A couple of nights ago I posted some Twitter charts, the most interesting of which is reposted to the left (click to enlarge).
What you are looking at is a dendrogram of the people I follow on Twitter, sorted by their use of English. Dendrograms are great for showing off the results of a clustering algorithm, which is exactly what I wrote in Python, from examples found in Toby Segaran’s exquisite O’Reilly book, Programming Collective Intelligence.
Essentially, I ran the script for this example across the RSS feeds of the 88 or so people I follow on Twitter to analyze each user’s use of English words, any repetition in subject matter, and visually cluster them with other people who are talking about the same sorts of things.
The result? Stunning.
After tweeting the link to this image, several of my followers began checking out people they were clustered near and discovering more interesting people for themselves. In short: it worked. Surprisingly well.
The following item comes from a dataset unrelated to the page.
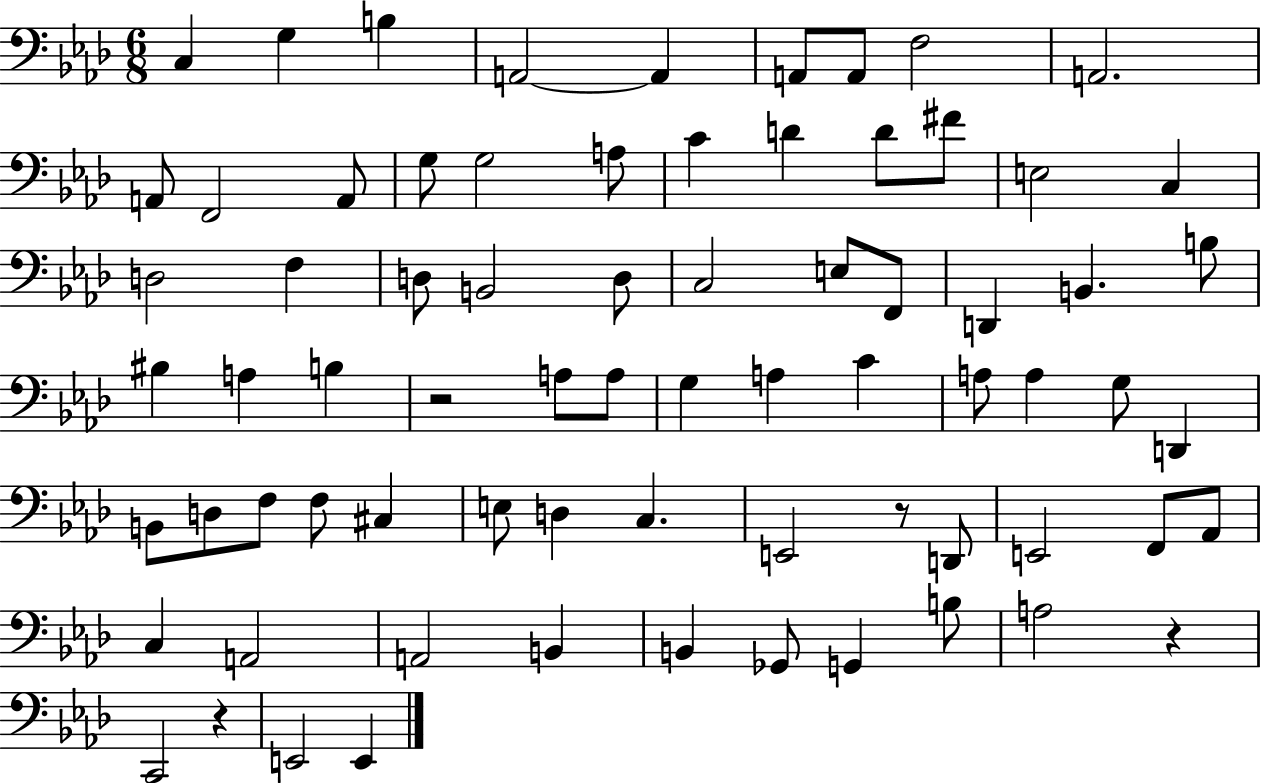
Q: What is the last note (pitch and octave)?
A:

With few exceptions, the clusters of people broke down by points of interest to the point that made my jaw drop (even if I was a little overenthused).
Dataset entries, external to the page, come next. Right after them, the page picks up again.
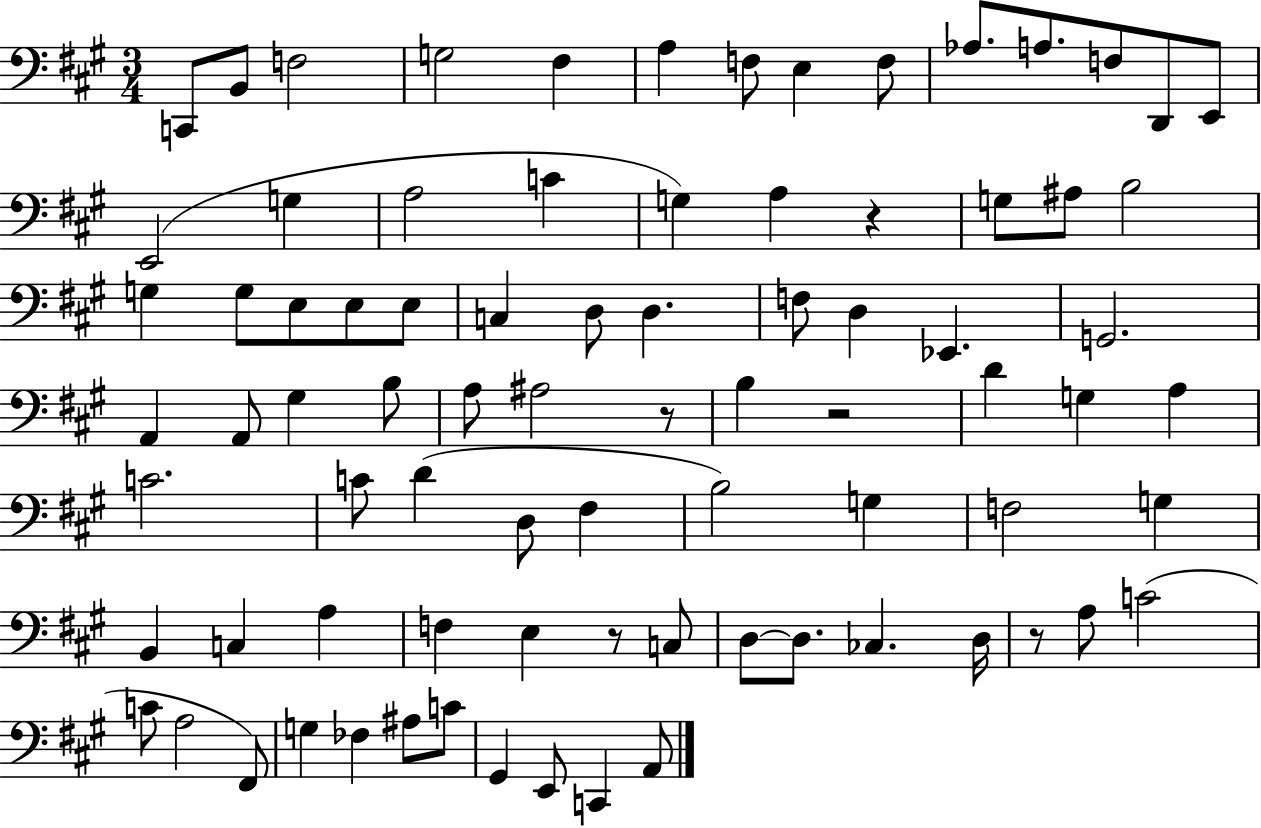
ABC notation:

X:1
T:Untitled
M:3/4
L:1/4
K:A
C,,/2 B,,/2 F,2 G,2 ^F, A, F,/2 E, F,/2 _A,/2 A,/2 F,/2 D,,/2 E,,/2 E,,2 G, A,2 C G, A, z G,/2 ^A,/2 B,2 G, G,/2 E,/2 E,/2 E,/2 C, D,/2 D, F,/2 D, _E,, G,,2 A,, A,,/2 ^G, B,/2 A,/2 ^A,2 z/2 B, z2 D G, A, C2 C/2 D D,/2 ^F, B,2 G, F,2 G, B,, C, A, F, E, z/2 C,/2 D,/2 D,/2 _C, D,/4 z/2 A,/2 C2 C/2 A,2 ^F,,/2 G, _F, ^A,/2 C/2 ^G,, E,,/2 C,, A,,/2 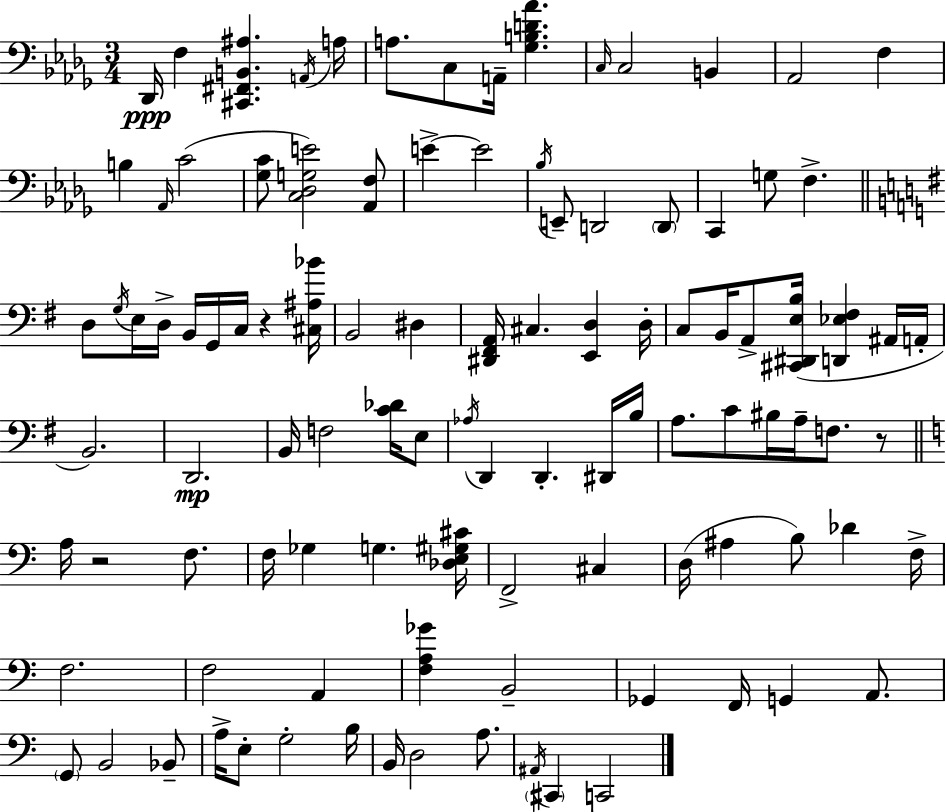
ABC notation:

X:1
T:Untitled
M:3/4
L:1/4
K:Bbm
_D,,/4 F, [^C,,^F,,B,,^A,] A,,/4 A,/4 A,/2 C,/2 A,,/4 [_G,B,D_A] C,/4 C,2 B,, _A,,2 F, B, _A,,/4 C2 [_G,C]/2 [C,_D,G,E]2 [_A,,F,]/2 E E2 _B,/4 E,,/2 D,,2 D,,/2 C,, G,/2 F, D,/2 G,/4 E,/4 D,/4 B,,/4 G,,/4 C,/4 z [^C,^A,_B]/4 B,,2 ^D, [^D,,^F,,A,,]/4 ^C, [E,,D,] D,/4 C,/2 B,,/4 A,,/2 [^C,,^D,,E,B,]/4 [D,,_E,^F,] ^A,,/4 A,,/4 B,,2 D,,2 B,,/4 F,2 [C_D]/4 E,/2 _A,/4 D,, D,, ^D,,/4 B,/4 A,/2 C/2 ^B,/4 A,/4 F,/2 z/2 A,/4 z2 F,/2 F,/4 _G, G, [_D,E,^G,^C]/4 F,,2 ^C, D,/4 ^A, B,/2 _D F,/4 F,2 F,2 A,, [F,A,_G] B,,2 _G,, F,,/4 G,, A,,/2 G,,/2 B,,2 _B,,/2 A,/4 E,/2 G,2 B,/4 B,,/4 D,2 A,/2 ^A,,/4 ^C,, C,,2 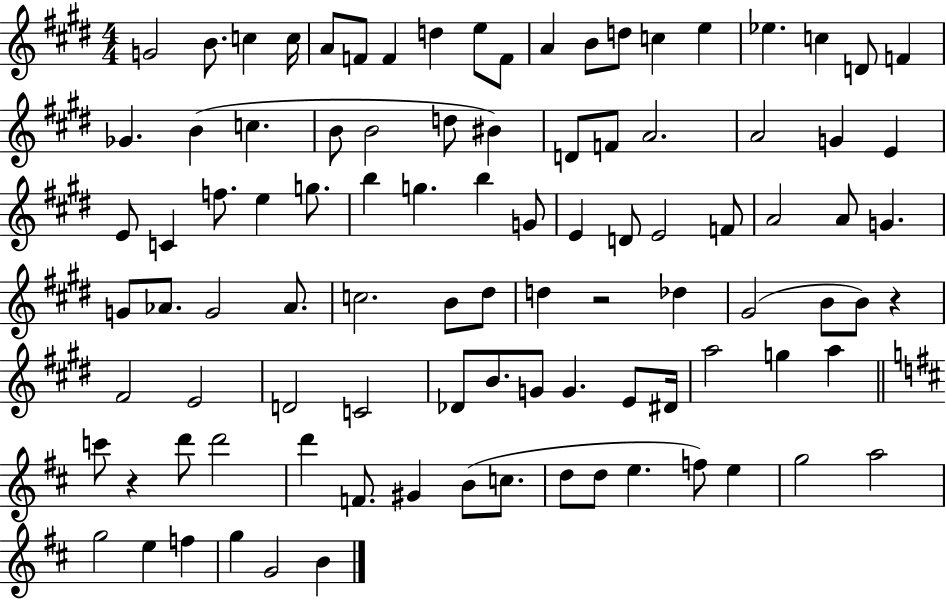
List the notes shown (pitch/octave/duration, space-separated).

G4/h B4/e. C5/q C5/s A4/e F4/e F4/q D5/q E5/e F4/e A4/q B4/e D5/e C5/q E5/q Eb5/q. C5/q D4/e F4/q Gb4/q. B4/q C5/q. B4/e B4/h D5/e BIS4/q D4/e F4/e A4/h. A4/h G4/q E4/q E4/e C4/q F5/e. E5/q G5/e. B5/q G5/q. B5/q G4/e E4/q D4/e E4/h F4/e A4/h A4/e G4/q. G4/e Ab4/e. G4/h Ab4/e. C5/h. B4/e D#5/e D5/q R/h Db5/q G#4/h B4/e B4/e R/q F#4/h E4/h D4/h C4/h Db4/e B4/e. G4/e G4/q. E4/e D#4/s A5/h G5/q A5/q C6/e R/q D6/e D6/h D6/q F4/e. G#4/q B4/e C5/e. D5/e D5/e E5/q. F5/e E5/q G5/h A5/h G5/h E5/q F5/q G5/q G4/h B4/q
Just for some context, @darcyyy, @hilarywalker, and @monikamagdalena, all clustered together, are my best friend from high school’s girlfriend, my best friend from college’s girlfriend, and my girlfriend. @darcyyy and @monikamagdalena know each other, @hilarywalker and @monikamagdalena know each other, but @hilarywalker and @darcyyy have never met.
The perfect algorithm would therefore have put @monikamagdalena in the middle. But would it? Both @darcyyy and @hilarywalker have recently joined Twitter, both to “see why their boyfriends have so much fun on the internet.”
Impressive.
I myself (@bryanwoods), am in a distinct cluster with @robertjwhitney (longtime friend and coworker here at the Colab) and @elliottt, a mutual friend of ours from college. No, we’re not talking about college, but the algorithm knew we had a lot in common anyway. The bond runs deeper than our education and manifests in language.
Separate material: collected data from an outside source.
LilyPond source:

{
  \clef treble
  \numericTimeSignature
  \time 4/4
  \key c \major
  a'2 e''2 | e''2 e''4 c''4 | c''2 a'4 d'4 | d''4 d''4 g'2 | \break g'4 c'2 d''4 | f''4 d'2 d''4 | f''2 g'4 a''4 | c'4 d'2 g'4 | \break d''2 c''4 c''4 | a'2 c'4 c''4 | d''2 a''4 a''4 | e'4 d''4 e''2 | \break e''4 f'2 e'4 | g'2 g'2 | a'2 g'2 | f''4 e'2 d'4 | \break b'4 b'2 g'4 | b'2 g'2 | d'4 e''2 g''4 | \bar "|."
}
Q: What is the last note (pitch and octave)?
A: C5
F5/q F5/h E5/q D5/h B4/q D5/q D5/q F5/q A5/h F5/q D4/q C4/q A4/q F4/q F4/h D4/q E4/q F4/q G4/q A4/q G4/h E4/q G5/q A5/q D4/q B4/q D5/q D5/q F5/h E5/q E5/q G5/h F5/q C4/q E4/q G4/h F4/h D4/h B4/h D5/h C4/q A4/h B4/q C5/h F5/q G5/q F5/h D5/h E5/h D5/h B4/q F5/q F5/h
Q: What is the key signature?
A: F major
In the bottom right quadrant you’ll find the “Land of the Bloggers,” with the NYC tech and shakeshack-meetup group slightly above them.
I could go on for every single person, but needless to say I was impressed.
And while I want to give all the credit to the Python code that executed the script, that would be silly, since there’s a reason I ran it over the people I’m following on Twitter, instead of an arbitrary list of blogs or even my Twitter followers.
Twitter is the only web service on the internet right now that forces a regular user to really open up and begin discussing their true thoughts, opinions, beliefs, goals, values, etc. It’s why it’s beautiful, and it’s why it’s the first step toward The Great Entertainment which I will be addressing in future posts.
Think about it. I might list myself on Match.com as a lover of moonlit beach walks or on Facebook as a thought-obsessed hater of the genocide in Darfur, but it will only take a few days (at maximum) on Twitter to reveal whatever my true passions are (in my case, staying inside, drinking coffee, iPhone/Rails development, and–in the biggest “wow” for me–daily musings on “what kind of day” today is).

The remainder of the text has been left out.